Непонятная сила подняла Глорию на ноги. Она была полна решимости тотчас же бежать на крышу, чтобы проверить возможные средства укрытия для лжедухов. Но решимость ее была прервана неожиданным обстоятельством. Неподалеку от места, где она находилась, послышались приглушенные голоса. Глория юркнула в нишу, где смешно топорщился огромный бразильский кактус, оцарапала руки, но успела спрятаться как раз в тот момент, когда в холл вошли Григорий Барчук и Марфа Король.
— Я их завтра же всей командой уволю, — сказала Марфа, опускаясь как раз на ту скамеечку, где только что сидела Глория. — Почивать они, видите ли, изволят! Получая такие бабки. Господи, когда мы избавимся уже от всеобщей «совковости» и пофигизма?

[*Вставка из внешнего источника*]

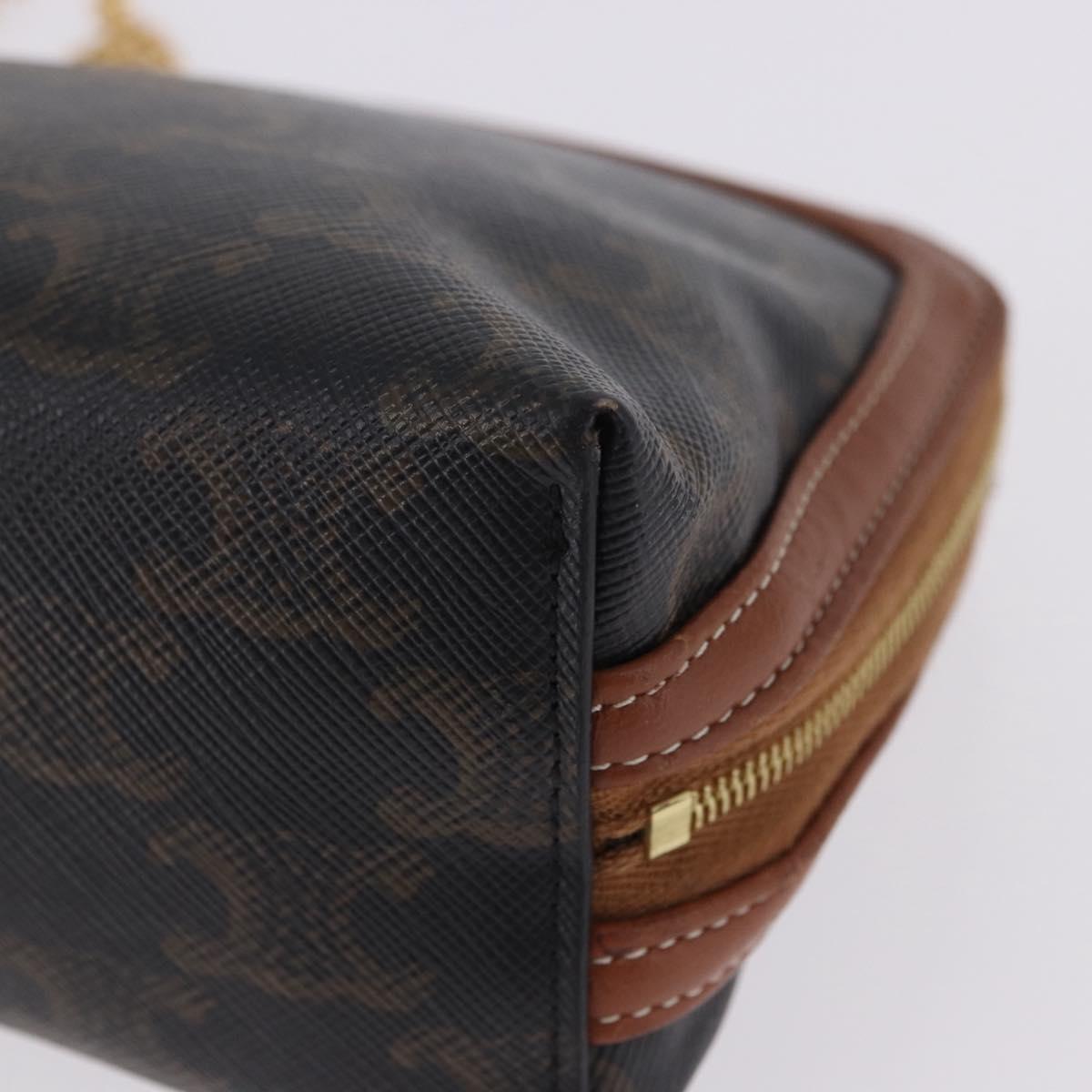 CELINE Triomphe Chain Shoulder Pouch PVC Black Gold Auth ka5670A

— Да успокойся ты, — примиряющим тоном проговорил Барчук. — Ребята набегались, наволновались. Не каждый день тут такие истории случаются.

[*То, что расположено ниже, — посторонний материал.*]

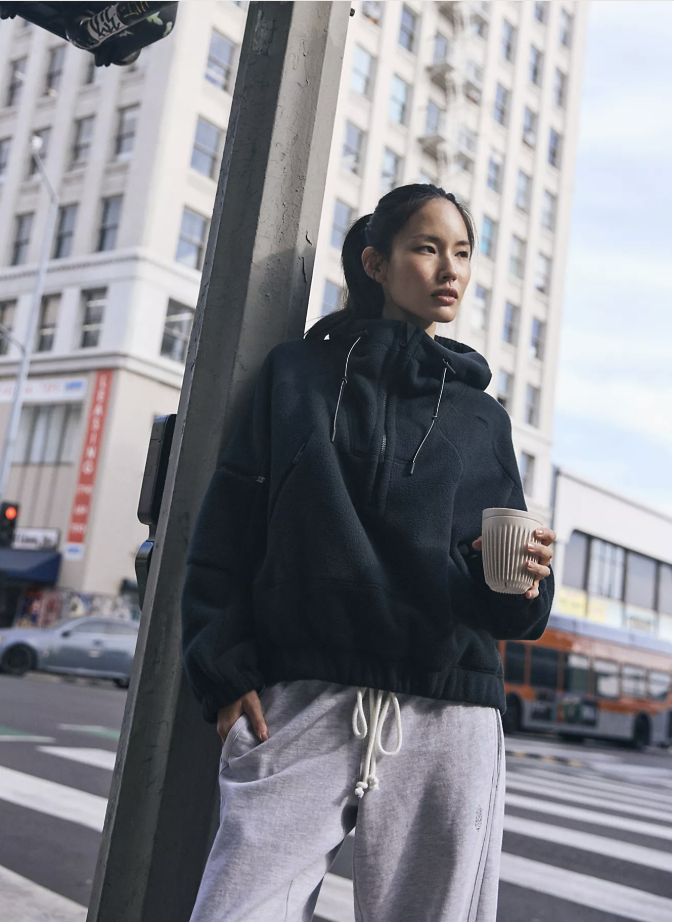 Wild And Free Fleece Pullover, Blac, Color: Black, Size: XS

— Ой, только не надо, Гриша, их защищать, — недовольно произнесла Марфа. — Эти не бегали. Эти на посту сидели. Задницу отсиживать умаялись — в сон потянуло! От будочника, между прочим, алкоголем несло. Бардак! Не мудрено, что тут второе убийство происходит.
— Ты все-таки склоняешься к тому, что Мушкин не сам упал? — спросил Барчук, и в его голосе послышалась озабоченность.

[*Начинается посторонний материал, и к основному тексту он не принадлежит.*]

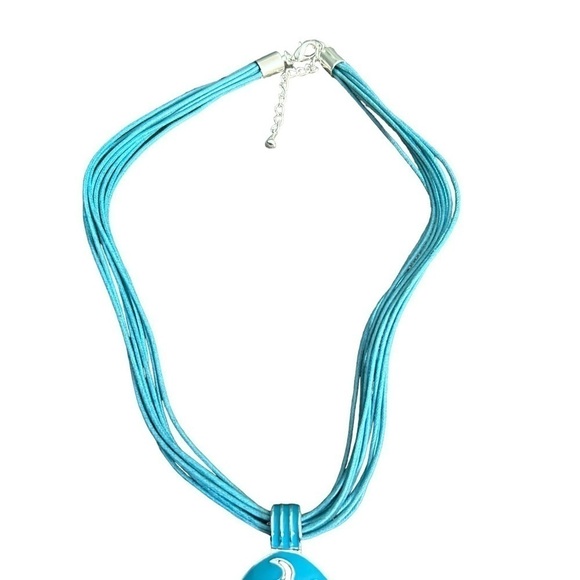 Stephan & Co. Turquoise Blue and Green Pendant Necklace of Butterflies & Flowers - Picture 5 of 10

— Ну, ты же сам слышал, что следователь говорил, — ответила она. — С этой крыши невозможно упасть случайно. Там ограждение очень мощное.
— Да… — вздохнул Барчук. — По-моему, этот следак потолковее первого будет. Слушать умеет, не то, что прежний, царствие ему небесное. Тот только себя слушал.
— Какая разница — толковый, бестолковый, — раздраженно проговорила Марфа. — Сумму ему большую придется отстегивать, чтобы представил дело, как несчастный случай. Завтра Джигу обрадую. Пусть раскошеливается. А то, неровен час, проект вообще приостановят. От нашей прокуратуры всего можно ожидать. Скажут: что-то нечистые дела у вас творятся, не пора ли вам лавочку закрывать.
— Угу… — бормотнул Барчук. — Но ведь так оно и есть. Ты-то сама что по этому поводу думаешь? Ты прости, что я рану бережу… бередю, но кому мешал твой Вениамин? Раньше мне не хотелось тебя об этом спрашивать.
— Кому мешал? Может быть, тебе, — нервно хохотнула Марфа. — Надоело тебе, дорогой, ходить в любовниках, захотел вдове предложение сделать. Но это я так… шутю… прости. Я сама не знаю, Гриша. Веня был непростым человеком, даром что с виду — ангел. Но вот таких врагов, чтобы пулю не пожалели на него, он точно не имел. Он вообще был любимцем публики. И здесь все ребята его любили. И «звездонавты», и съемочная группа. Я же видела. Однако Мушкин до чего-то докопался — это точно. И его убрали.
— Сережа Петров, — сказал Барчук безо всякого выражения. — Потому что Мушкин только до него докапывался.
— Ты сам-то веришь, что Сережа мог убить Вениамина? — вздохнула она. — Да еще таким профессиональным способом?
— Конечно, судя по его внешнему виду, не скажешь, что он профессиональный киллер, — рассмеялся Барчук. — Но ты вообще знаешь, как должен выглядеть профессиональный убийца? Я — нет. Но думаю, что он меньше всего должен походить на злодея.
— Да ладно, что воду в ступе толочь, — снова вздохнула Марфа. — Не наше это дело — убийц искать. Давай уже к нашим проблемам перейдем. Еще бы поспать час-другой не мешает. Чтобы завтра перед нашими гавриками не выглядеть добрыми и любящими родителями.
— А может, хватит фурию перед ними разыгрывать? — сказал Барчук. — Они уже и так поняли, что работать полезно для здоровья.
— Может, и хватит, — сказала Марфа. — Но если я резко сменю маску, это озадачит наших зрителей. Я — злыдня с начала и до конца проекта. Грубая, бессердечная, бесчувственная.
— Почему ты выбрала такую несимпатичную роль?
— Почему несимпатичную? Как известно, роли злодеек более выигрышные, чем роли добродетельных матрон. А вообще… Может быть, потому что в жизни я ужасно мягкотелая, всем все прощаю, даже подлость. Знаешь, я даже убийце Вени, наверное, прощу его злодейство. Во всяком случае, дай мне оружие и покажи убийцу, я не смогу его наказать. Ладно, проехали. Что с завтрашним днем? Кто кого будет кушать для поддержания драматического напряжения?
— Подожди… Думаешь, кто-то завтра будет способен кушать кого-то? — хмыкнул Барчук. — Во-первых, у них еще прежний шок не прошел. Представляешь, кто-то пустил слух, что в пансионате находится маньяк и намеревается расправиться со всеми нами. После Вени следует моя очередь, потом — твоя, потом возьмутся за участников.